For step 2 just encode the result to some base of your choice. For instance, to encode a 30-bit number, you could use 6 "digits" of an alphabet of 32 characters (so you can encode 6*5=30 bits).
An example for this step in C#:
const string ALPHABET= "AG8FOLE2WVTCPY5ZH3NIUDBXSMQK7946";
static string couponCode(uint number) {
StringBuilder b = new StringBuilder();
for (int i=0; i<6; ++i) {
b.Append(ALPHABET[(int)number&((1 << 5)-1)]);
number = number >> 5;
}
return b.ToString();
}
static uint codeFromCoupon(string coupon) {
uint n = 0;
for (int i = 0; i < 6; ++i)
n = n | (((uint)ALPHABET.IndexOf(coupon[i])) << (5 * i));
return n;
}
For inputs 0 - 9 this yields the following coupon codes
0 => 5VZNKB
1 => HL766Z
2 => TMGSEY
3 => P28L4W
4 => EM5EWD
5 => WIACCZ
6 => 8DEPDA
7 => OQE33A
8 => 4SEQ5A
9 => AVAXS5
Note, that this approach has two different internal "secrets": First, the round function together with the number of rounds used and second, the alphabet you use for encoding the encyrpted result. But also note, that the shown implementation is in no way secure in a cryptographical sense!

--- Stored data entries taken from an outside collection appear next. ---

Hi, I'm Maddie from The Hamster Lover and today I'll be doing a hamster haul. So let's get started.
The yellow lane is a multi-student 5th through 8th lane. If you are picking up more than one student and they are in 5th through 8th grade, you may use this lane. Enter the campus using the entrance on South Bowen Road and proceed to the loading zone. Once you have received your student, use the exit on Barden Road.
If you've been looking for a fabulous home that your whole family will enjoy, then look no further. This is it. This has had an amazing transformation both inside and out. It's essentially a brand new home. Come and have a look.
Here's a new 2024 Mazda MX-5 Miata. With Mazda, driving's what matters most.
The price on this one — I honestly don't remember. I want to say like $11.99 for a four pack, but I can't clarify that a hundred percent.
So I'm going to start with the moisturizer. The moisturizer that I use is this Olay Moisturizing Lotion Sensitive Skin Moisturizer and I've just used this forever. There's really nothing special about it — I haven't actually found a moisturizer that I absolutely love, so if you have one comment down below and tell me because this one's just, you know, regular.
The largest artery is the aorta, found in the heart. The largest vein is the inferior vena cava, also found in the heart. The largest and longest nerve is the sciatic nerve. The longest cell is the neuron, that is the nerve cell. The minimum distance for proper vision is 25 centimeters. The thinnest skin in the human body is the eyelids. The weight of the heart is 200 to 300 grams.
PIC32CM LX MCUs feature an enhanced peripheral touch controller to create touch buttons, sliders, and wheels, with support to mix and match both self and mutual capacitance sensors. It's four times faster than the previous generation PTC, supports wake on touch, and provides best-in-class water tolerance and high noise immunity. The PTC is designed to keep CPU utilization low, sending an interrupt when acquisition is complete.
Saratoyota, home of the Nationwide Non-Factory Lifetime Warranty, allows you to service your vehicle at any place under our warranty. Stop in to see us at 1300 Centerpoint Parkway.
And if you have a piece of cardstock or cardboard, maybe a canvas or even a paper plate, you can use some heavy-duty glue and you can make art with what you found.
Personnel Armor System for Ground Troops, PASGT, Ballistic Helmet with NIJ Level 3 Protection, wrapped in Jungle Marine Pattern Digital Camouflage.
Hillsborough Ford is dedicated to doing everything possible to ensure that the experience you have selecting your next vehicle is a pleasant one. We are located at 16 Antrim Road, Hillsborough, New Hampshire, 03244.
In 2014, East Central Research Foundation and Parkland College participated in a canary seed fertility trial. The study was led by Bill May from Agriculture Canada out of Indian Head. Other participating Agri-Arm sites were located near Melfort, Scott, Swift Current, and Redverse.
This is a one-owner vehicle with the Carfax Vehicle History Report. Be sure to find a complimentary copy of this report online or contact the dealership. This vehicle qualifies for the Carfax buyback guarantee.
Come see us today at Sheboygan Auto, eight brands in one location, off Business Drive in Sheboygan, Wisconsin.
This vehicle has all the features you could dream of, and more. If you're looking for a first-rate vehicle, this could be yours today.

Also note, that the shown function is a total bijective function, in the sense, that every possible 6-character code (with characters out of your alphabet) will yield a unique number. To prevent anyone from entering just some random code, you should define some kind of restictions on the input number. E.g. only issue coupons for the first 10.000 numbers. Then, the probability of some random coupon code to be valid would be 10000/2^30=0.00001 (it would require about 50000 attempts to find a correct coupon code). If you need more "security", you can just increase the bit size/coupon code length (see below).
EDIT: Change Coupon code length
Changing the length of the resulting coupon code requires some math: The first (encrypting) step only works on a bit string with even bit count (this is required for the Feistel cipher to work).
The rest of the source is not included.